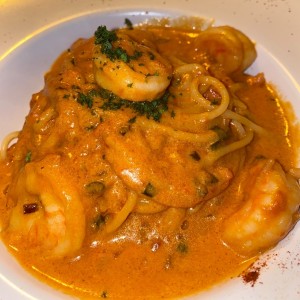 Spaguetti Marseghiesa con camarones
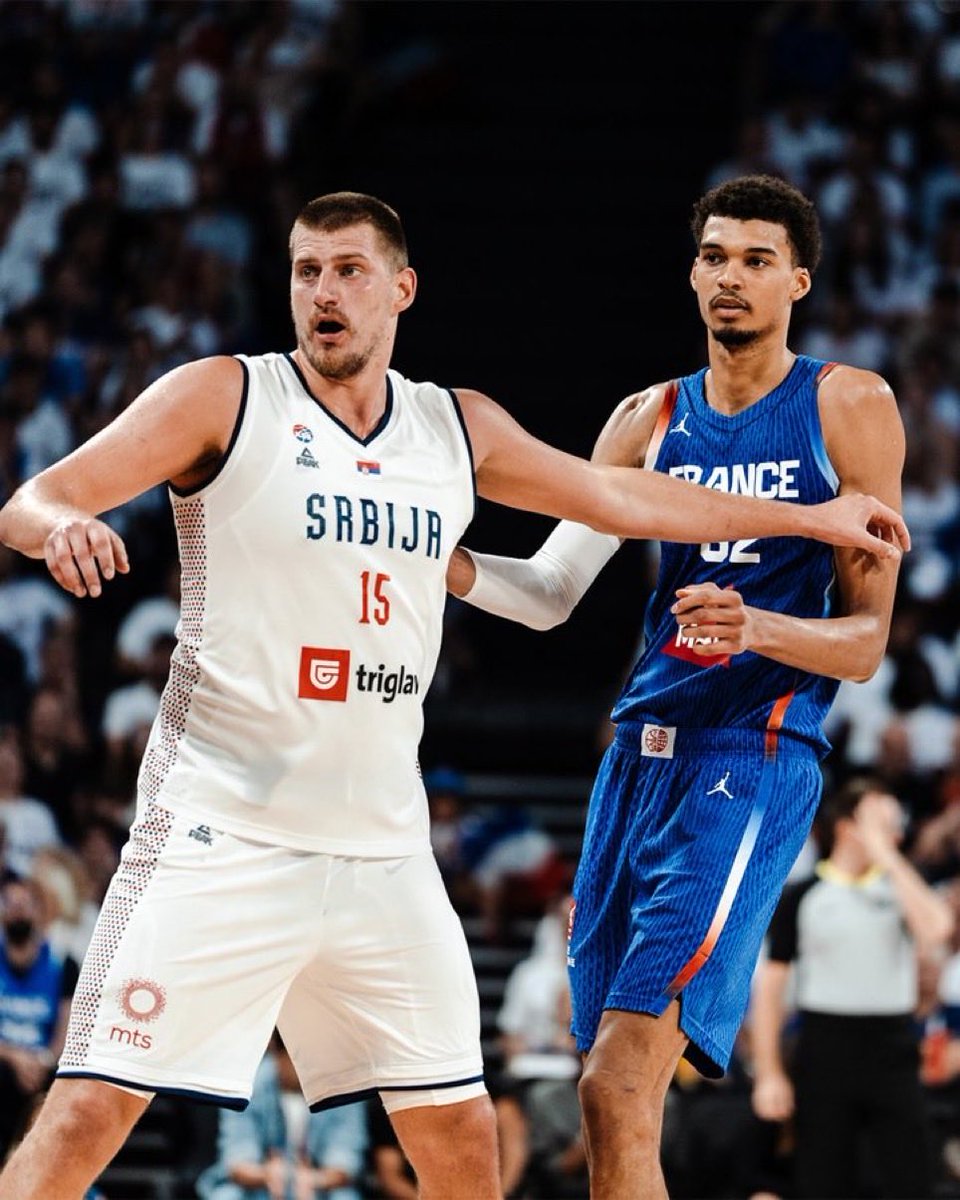 fou2basket3's tweet photo. Choc au sommet pour relancer les Bleus dans la course au Mondial 2027 !
La sélection tricolore affronte la Serbie dès 20h00 pour son tout premier duel de préparation de cette seconde phase qualificative. Une affiche XXL 
  
👽 vs 🃏 
📺 @lequipe https://t.co/y3P56QKHXm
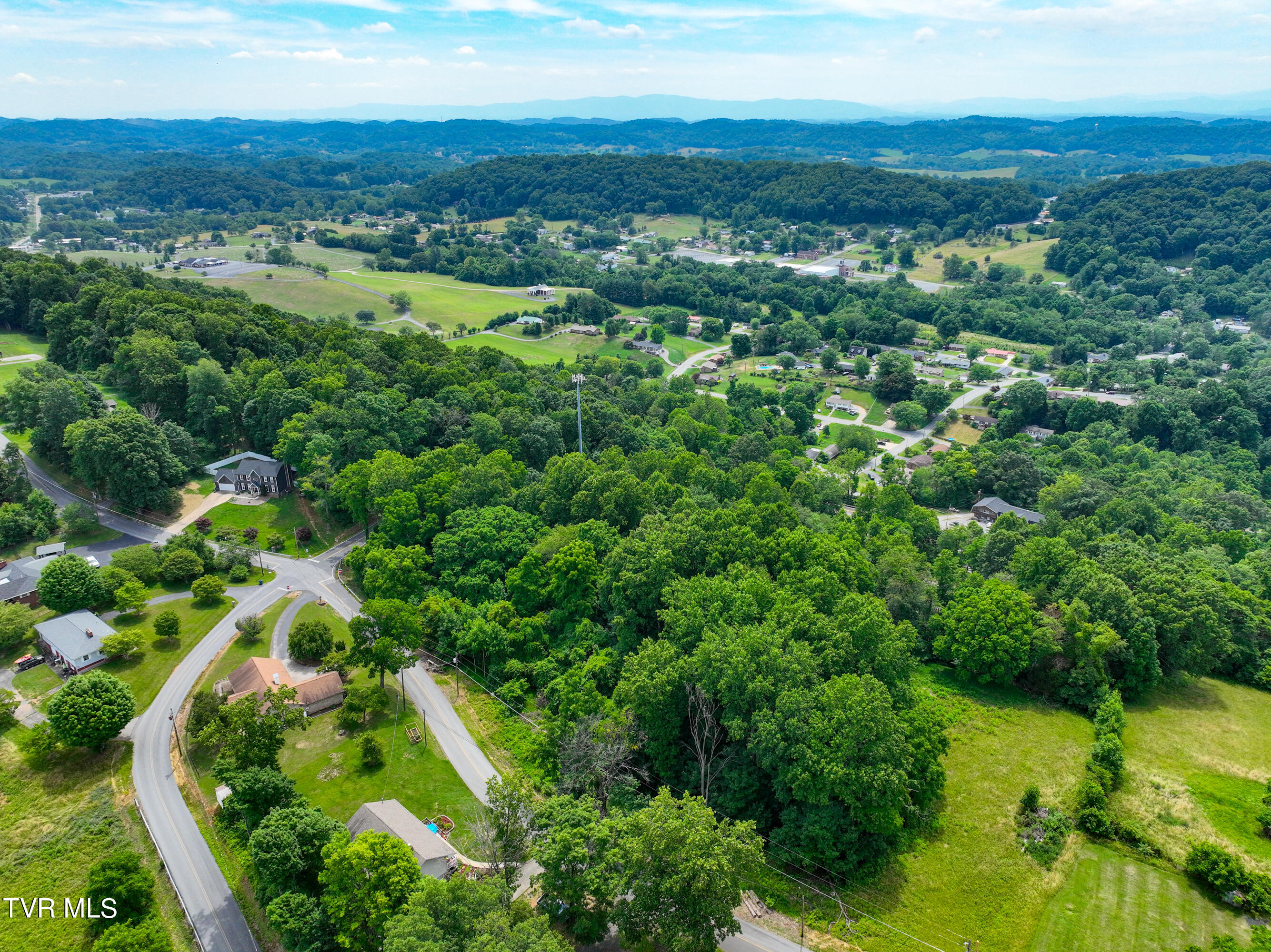 4683 Old Stage Road Kingsport, TN 37664 - Photo 3 of 15 Old Stage Drone ES-2
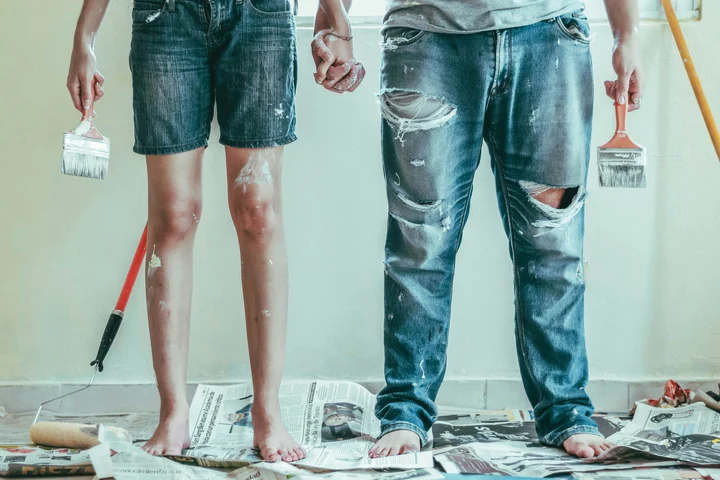 Cum să elimini eficient petele de vopsea lavabilă de pe haine
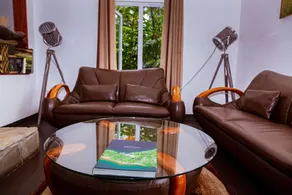 Amakoro Songa Lodge - Coin salon dans le hall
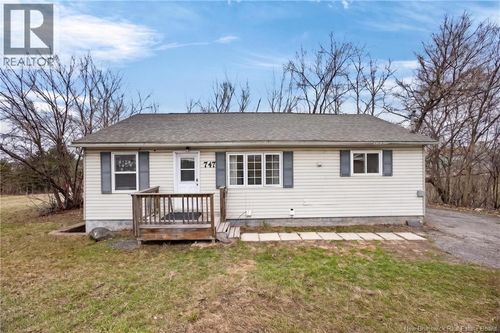 747 Beaverbrook St, Fredericton, NB, E3B1X9 | Card Image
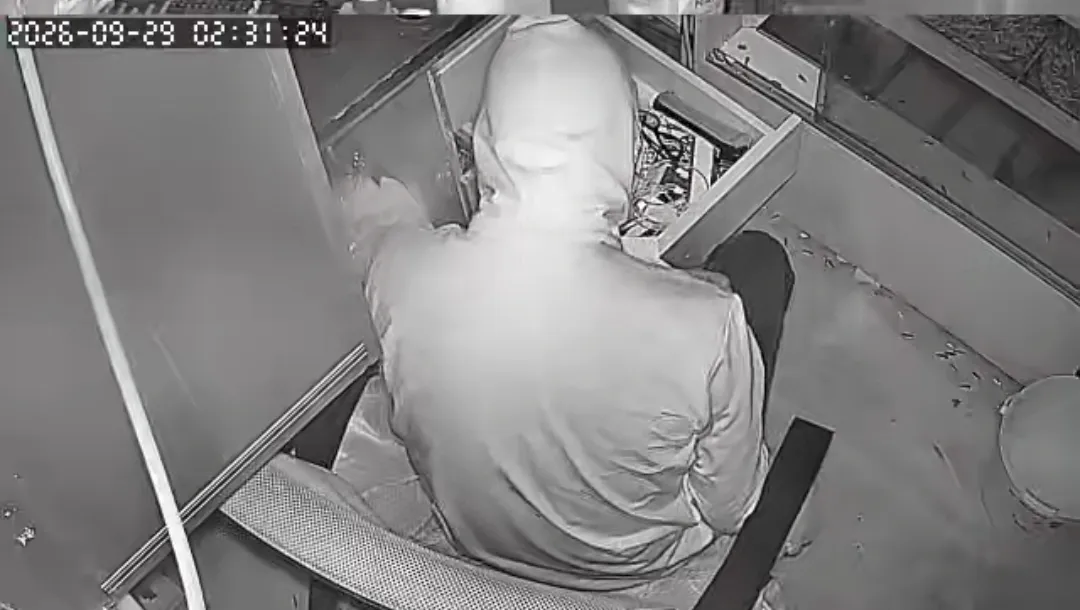 Besni'de pes dedirten hırsızlık: Kasayı boşalttı, serinlemek için içecek molası verdi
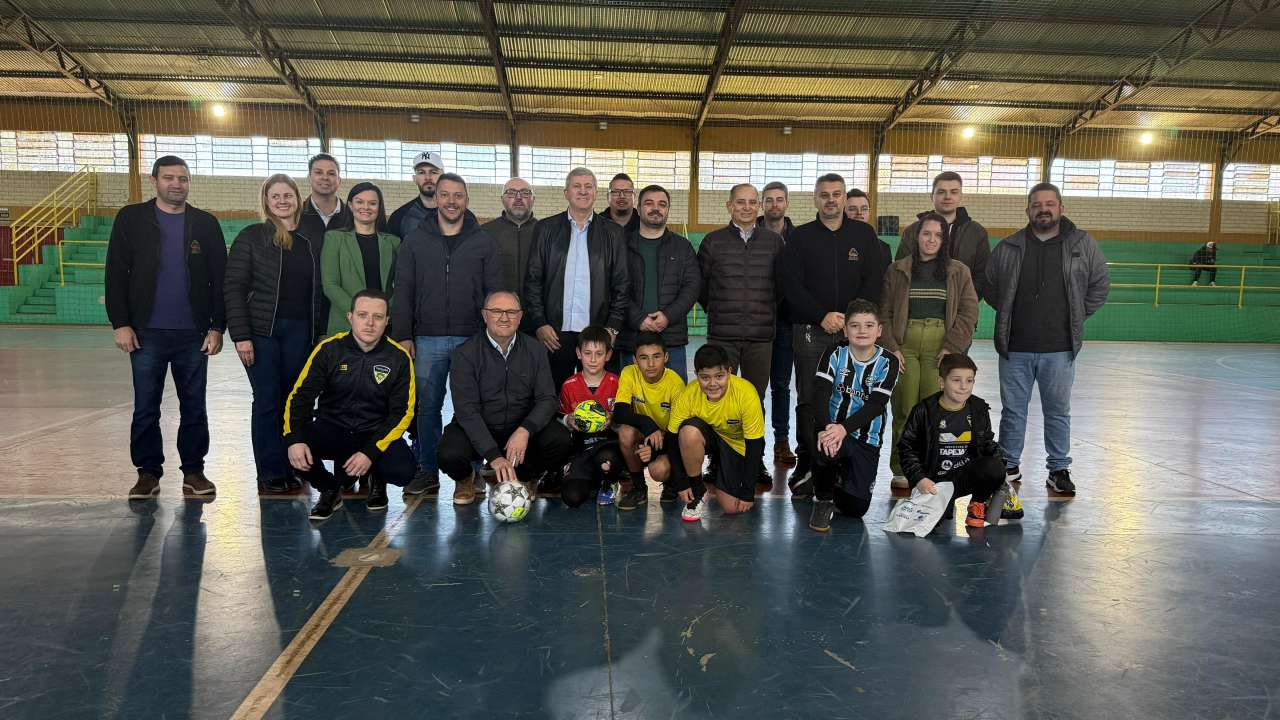 Entrega de uniformes marca apoio da Prefeitura ao projeto social do Tapejara Futsal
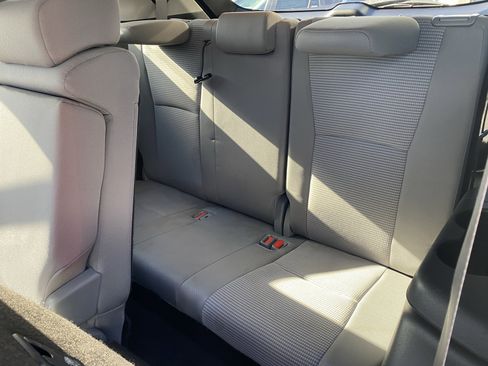 Used 2023 Toyota Highlander LE image 24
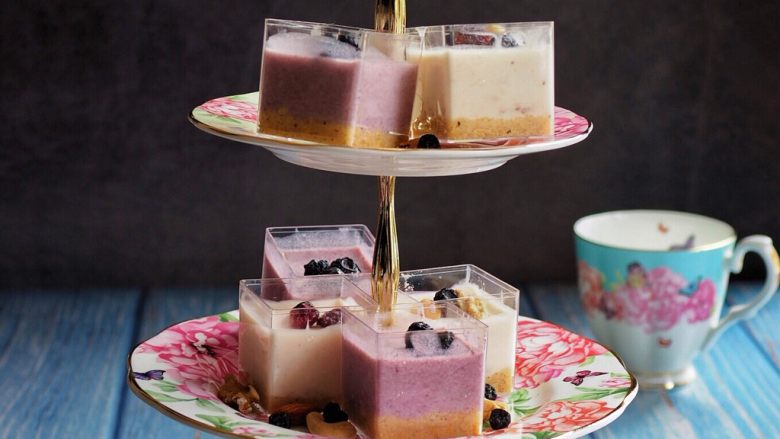 酸奶三色慕斯——有冰箱就能做的蛋糕,摆盘。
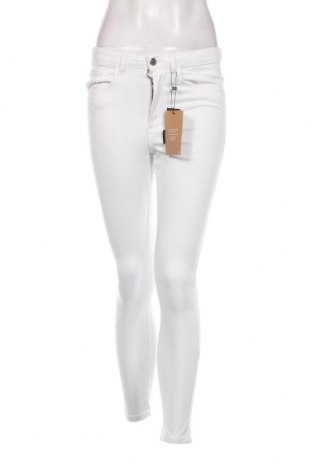 Γυναικείο παντελόνι Vero Moda, Μέγεθος S, Χρώμα Λευκό, Τιμή 7,80 €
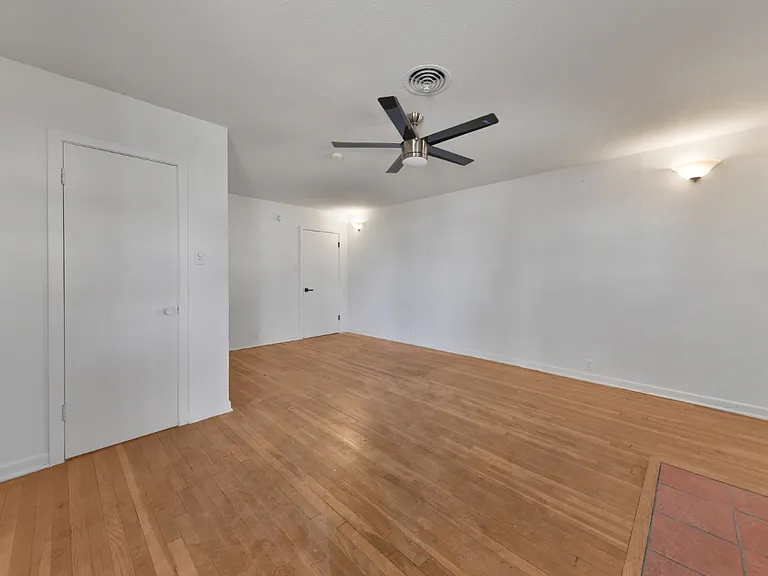 518 Dresden Dr #1 — Photo 2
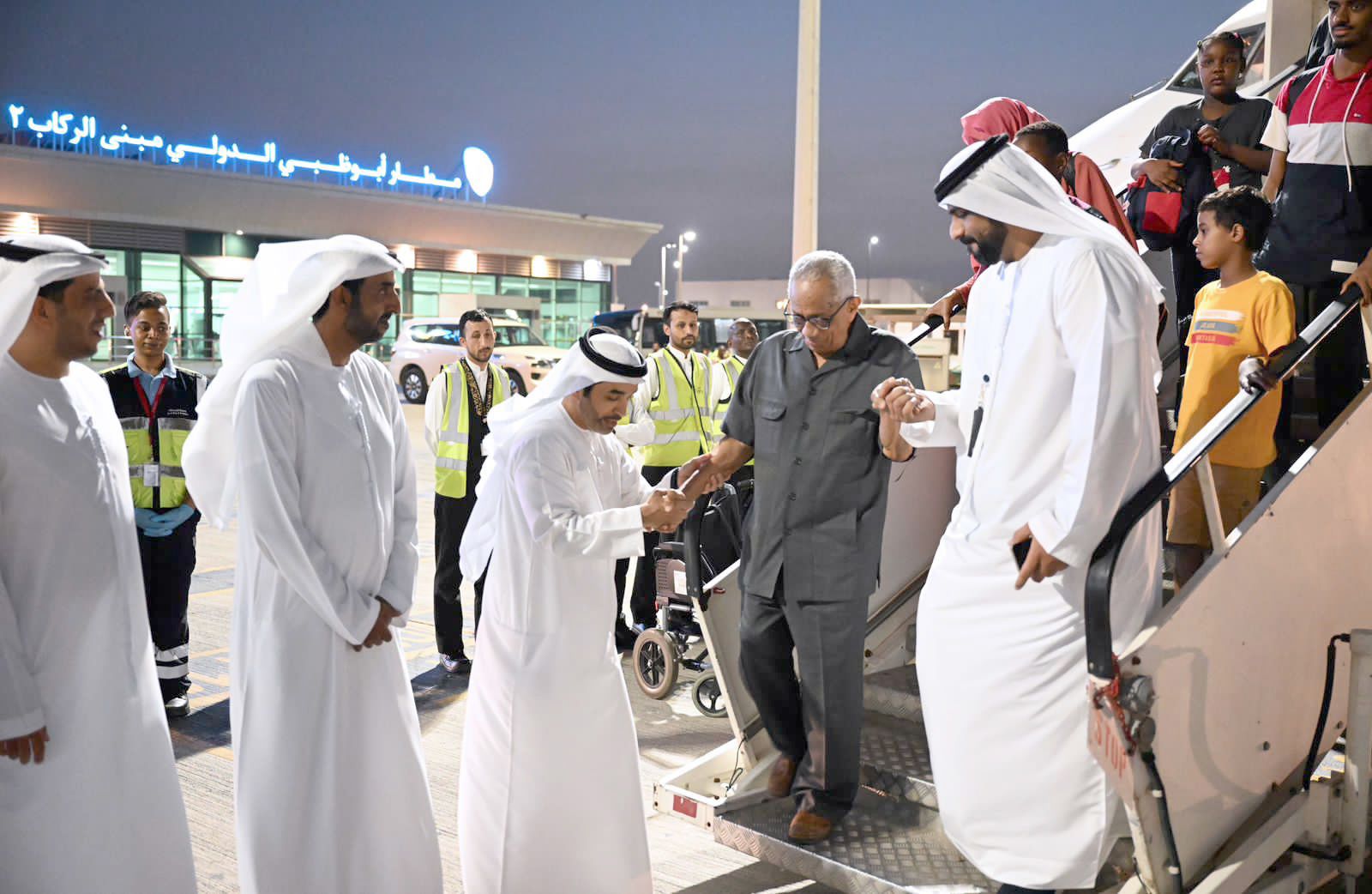الإمارات تستقبل 180 شخصاً وصلوا من السودان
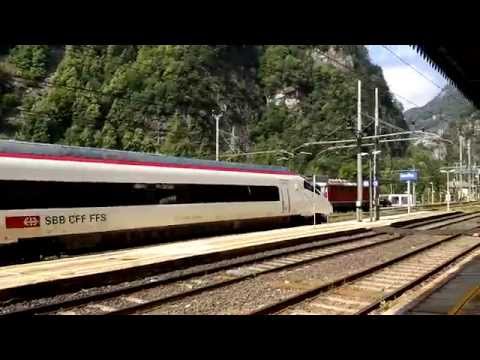 PENDOLINO ETR 610 SVIZZERO TRANSITA IN STAZIONE A ISELLE - (VB) 27 - 6 - 2015.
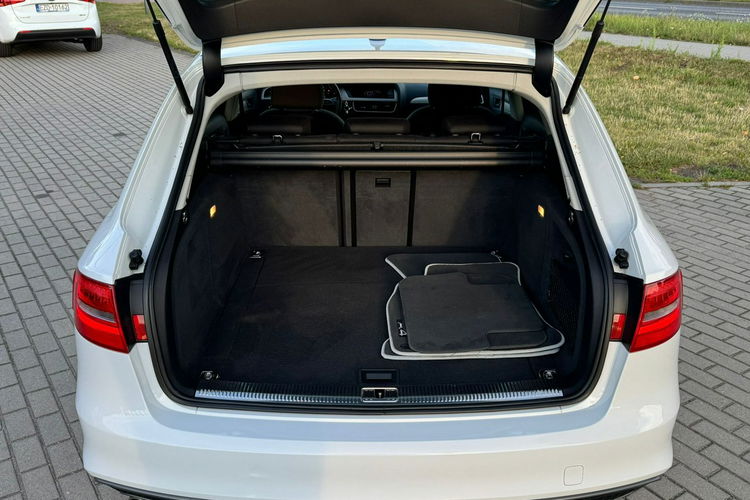 Audi A4 Quattro S-Line Automat Niski Przebieg zdjęcie 29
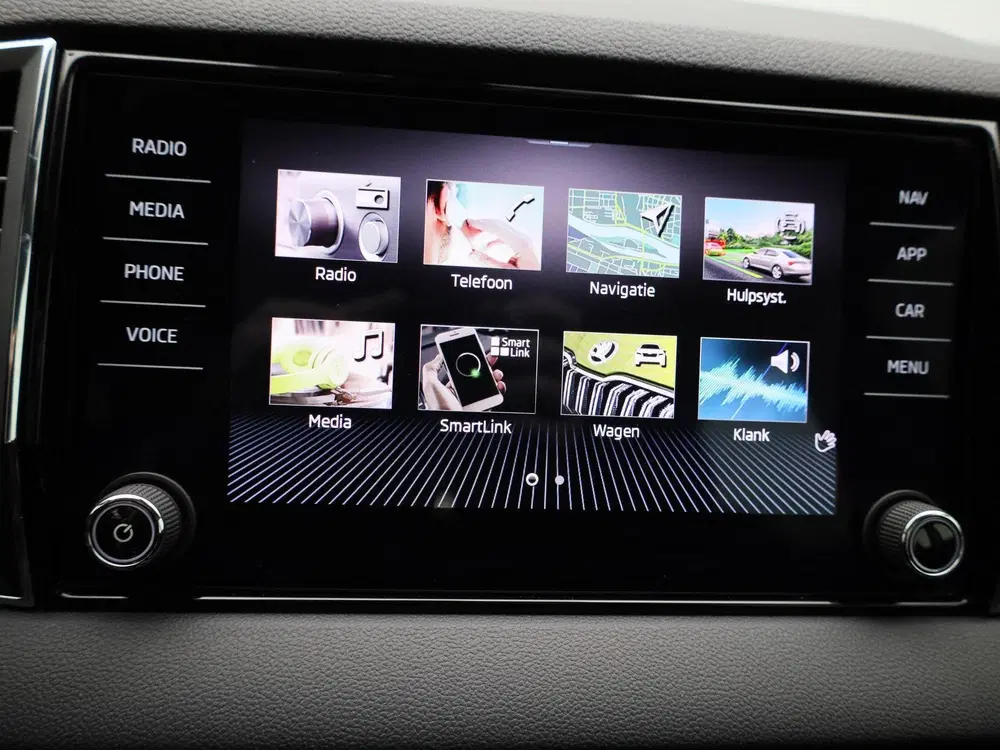 Skoda Karoq 1.0 TSI Business Edition uit 2021, foto 20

Work request
Output exactly the lines of the listing above that start with the one holding "Used 2023 Toyota Highlander LE image 24" and go on through the one holding "PENDOLINO ETR 610"; leave the pictures out.

Written response
 Used 2023 Toyota Highlander LE image 24
 酸奶三色慕斯——有冰箱就能做的蛋糕,摆盘。
 Γυναικείο παντελόνι Vero Moda, Μέγεθος S, Χρώμα Λευκό, Τιμή 7,80 €
 518 Dresden Dr #1 — Photo 2
الإمارات تستقبل 180 شخصاً وصلوا من السودان
 PENDOLINO ETR 610 SVIZZERO TRANSITA IN STAZIONE A ISELLE - (VB) 27 - 6 - 2015.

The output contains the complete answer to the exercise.